Gagosian

The Rainbow Serpent

29 Apr - 04 Jun 2015

"The Rainbow Serpent"
Installation view
Photo by Silia Psychi
THE RAINBOW SERPENT
29 April – 4 June 2015

When all the knots of the heart are unloosened, then even here, in this human birth, the mortal becomes immortal.
—Katha Upanishad

“The Rainbow Serpent” is an exhibition concerning cosmic aesthetics, transcendental insight, and erotic mysticism that takes the awakening of the kundalini as a curatorial conceit.

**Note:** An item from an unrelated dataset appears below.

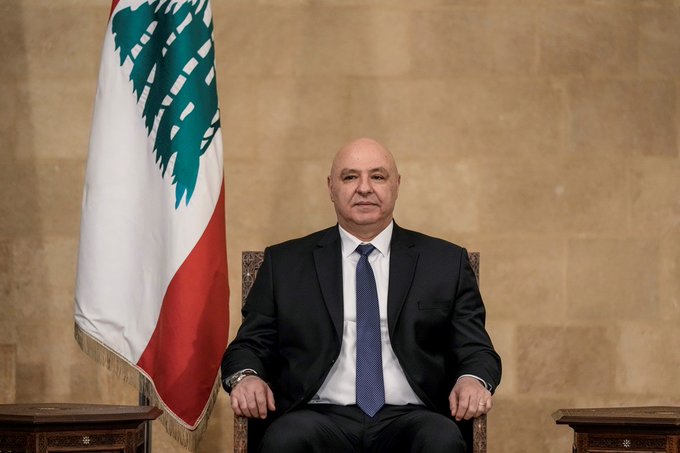 الرئيس اللبناني: الإصلاحات وضعت لبنان على خريطة الازدهار والورقة الأميركية تحولت إلى لبنانية 1 الرئيس اللبناني: الإصلاحات وضعت لبنان على خريطة الازدهار والورقة الأميركية تحولت إلى لبنانية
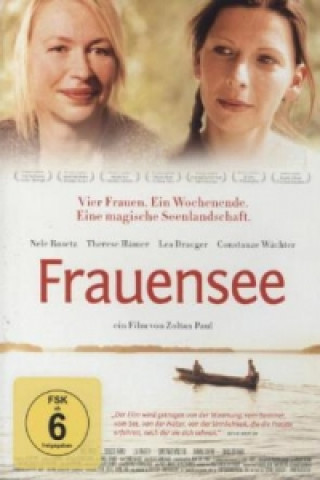 Videoclip Frauensee, 1 DVD Zoltan Paul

The kundalini (coiled snake) is thought to be a latent energy column that lies dormant at the base of the spine. The awakening can occur through intense meditation or even traumatic experience. Once activated, the body’s energies tune through the spinal column and a universal consciousness sets in, like the opening of the so-called “third eye.”

Dorothy Iannone’s iconic work I Was Thinking of You II (1975/2005), a freestanding painting containing a video of the artist, celebrates the uninhibited joy of sexuality. The moment of awakening is detailed in The Fountain of Wisdom (1988–89) by the late clairvoyant and remote viewer Ingo Swann. The painting portrays a libidinal trifecta rising from a vortex: a muscular hirsute, a serpentine leather cop, and a burlesque animus. Similarly, in Marina Abramović’s shamanistic bust, healing crystals emerge from all surfaces of the face, tracing points of energy as they breach from the source.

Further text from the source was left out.